┏━━

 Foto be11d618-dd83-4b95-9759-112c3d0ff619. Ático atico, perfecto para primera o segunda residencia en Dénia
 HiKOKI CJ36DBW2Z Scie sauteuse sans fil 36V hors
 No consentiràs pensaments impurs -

┗━━
┏━━

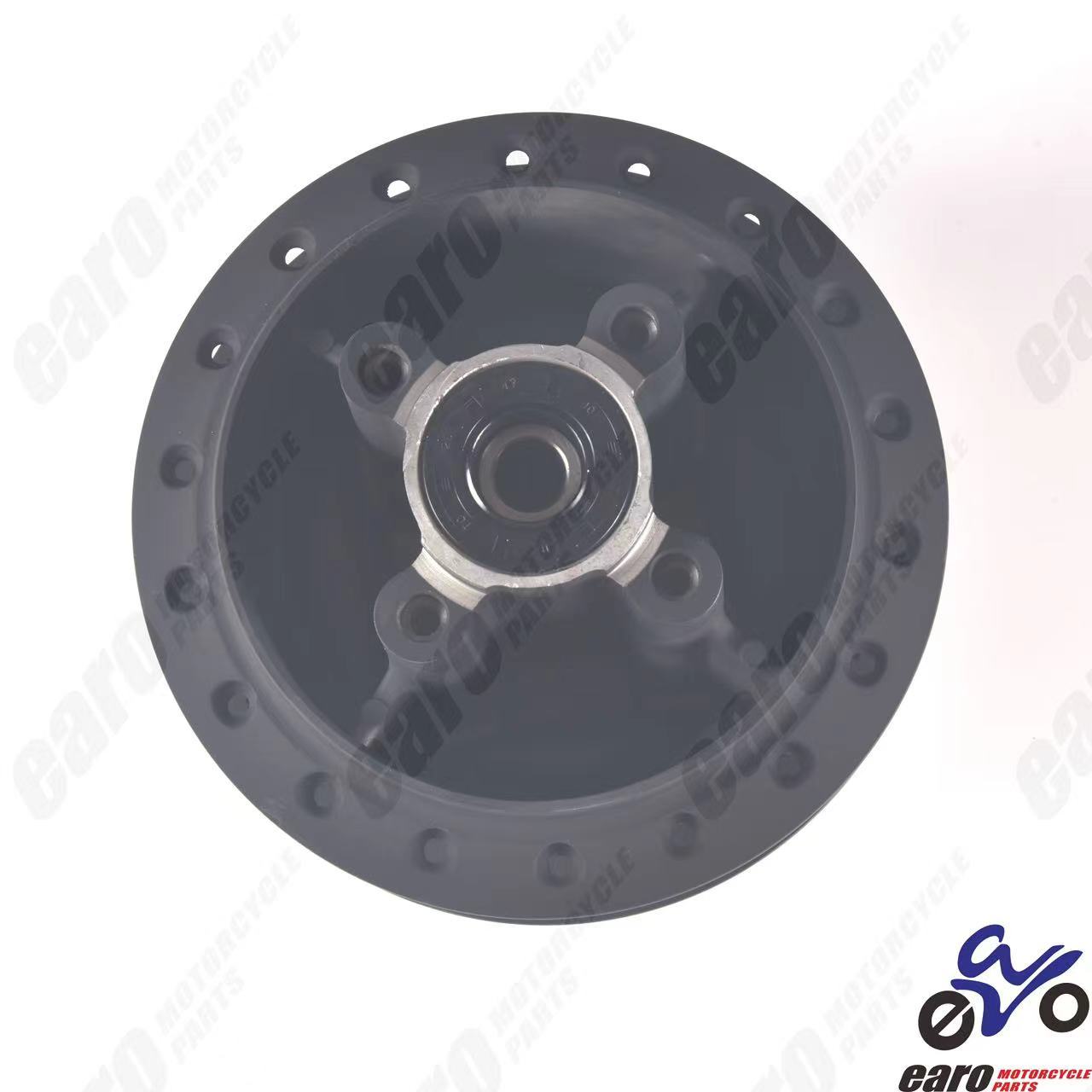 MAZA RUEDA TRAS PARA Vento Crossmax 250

┗━━

__YOUR ASSIGNMENT__. Retype, exactly and in full, the lines above from the one containing "Foto be11d618-dd83-4b95-9759-112c3d0ff619. Ático" through the one containing "No consentiràs pensaments".

__EXERCISE RESULT__.
 Foto be11d618-dd83-4b95-9759-112c3d0ff619. Ático atico, perfecto para primera o segunda residencia en Dénia
 HiKOKI CJ36DBW2Z Scie sauteuse sans fil 36V hors
 No consentiràs pensaments impurs -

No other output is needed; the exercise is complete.